He had just been assigned to the case of Curtis Allgier, who was facing a possible death sentence for the 2007 killing of corrections officer Stephen Anderson, and was specifically responsible for the sentencing phase. As such, it would fall to him to try to convince a jury to not call for death.

"What was previous to that just an intellectual exercise became real," Dellapiana said. "I felt like I had another human being's life in my hands.

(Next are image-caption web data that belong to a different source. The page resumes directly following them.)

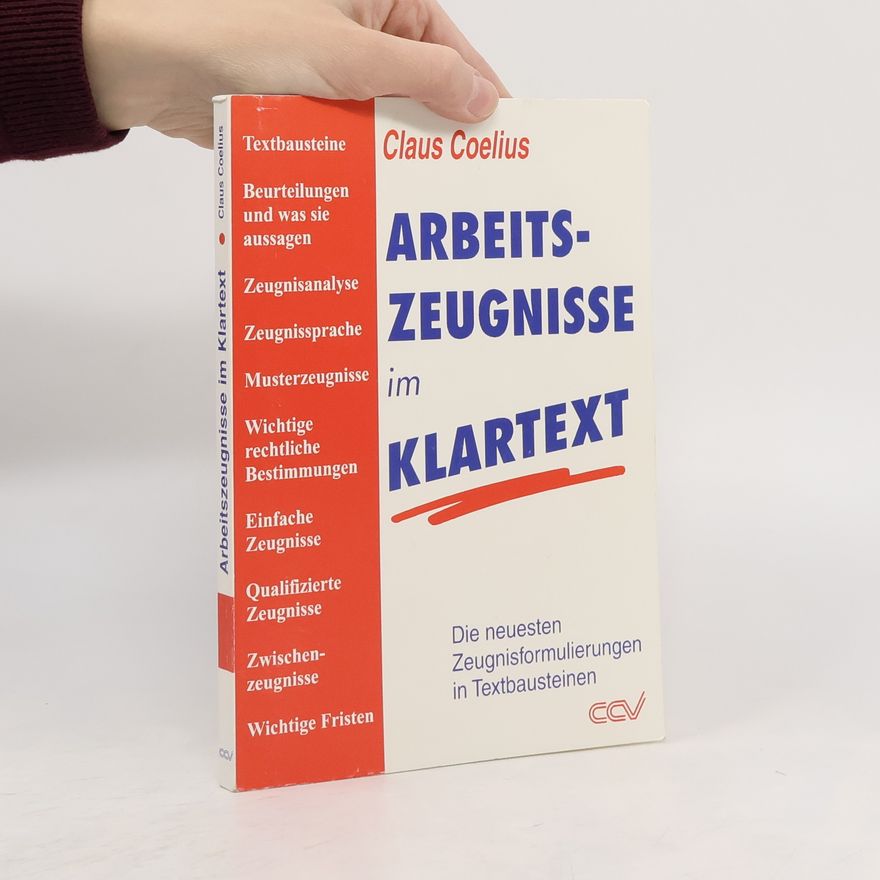 Claus Coelius Arbeitszeugnisse im Klartext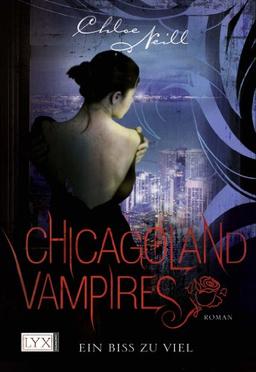 Chicagoland Vampires: Ein Biss zu viel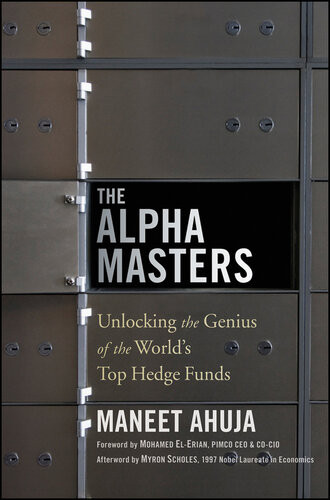 The Alpha Masters Unlocking The Genius Of The Worlds Top Hedge Funds 1st Edition Maneet Ahuja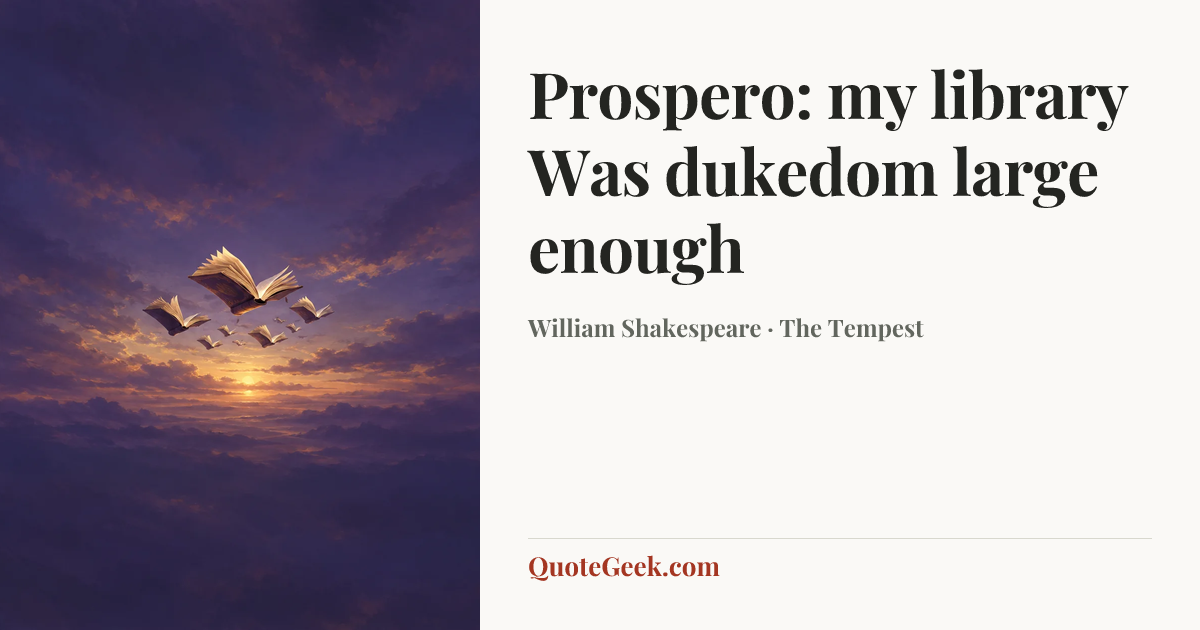 “Prospero:
my library
Was dukedom large enough” — William Shakespeare · The Tempest. Illustrated QuoteGeek card.
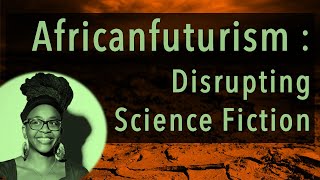 Africanfuturism  Disrupting Science Fiction  Nnedi Okorafor with Yvonne Mbanefo  Igbo Conference [upl. by Floria]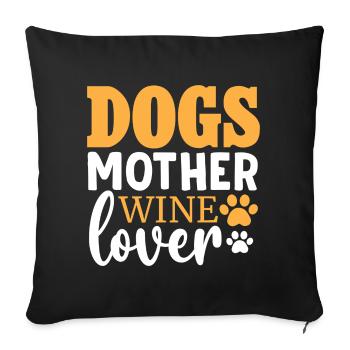 Dogs Mother Wine Lover - Sofa pillowcase 17,3'' x 17,3'' (45 x 45 cm) - black - Front
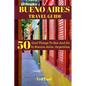 Bueno Aires Travel Guide 2023: 50 Cool Things To See And Do In Bueno Aires, Argentina - Paperback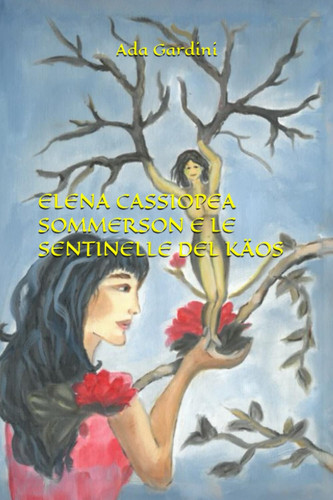 ELENA CASSIOPEA SOMMERSON E LE SENTINELLE DEL KÄOS (Italian Edition)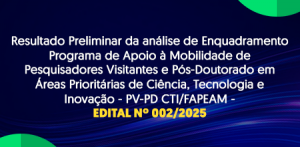 Imagem da notícia - Fapeam divulga resultado preliminar da análise de enquadramento do PV-PD CT&I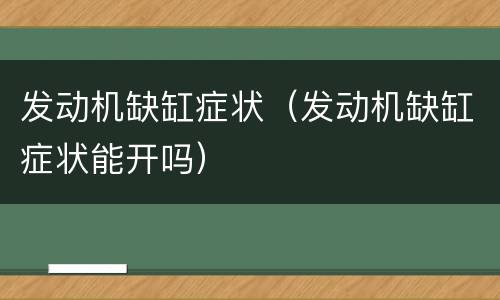 发动机缺缸症状（发动机缺缸症状能开吗）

If I didn't do my job, I would be part of the reason he was killed."

The realization prompted the now-director of Utahns for Alternatives to the Death Penalty to believe "the death penalty was something that should be questioned."

A recently released report from the Death Penalty Information Center indicated that not only did a Gallup poll show nationwide support for the death penalty at a 40-year low, but it also found that there were 39 executions in 2013 — only the second time in 19 years that the number has been below 40. The report also states that there were 80 death sentences handed down in 2013, which is "near the lowest number since 1973."

"I think it's a recognition that people … realize the system is so costly and time-consuming and error-prone that (the death penalty) is just not worth it," Dellapiana said.

He pointed to the number of exonerations seen nationally as another explanation for the waning support for capital punishment.

"Even if you're not opposed to the death penalty, you need to be opposed to innocent people being executed," Dellapiana said.

The report also cited "the ongoing problem that states have had in finding a consistent means of carrying out executions" as a reason for their declining number.

"California, North Carolina, Arkansas and Maryland … have not had an execution in over seven years because of their inability to settle on a lethal injection protocol," according to the report. "Federal executions are on hold for the same reason."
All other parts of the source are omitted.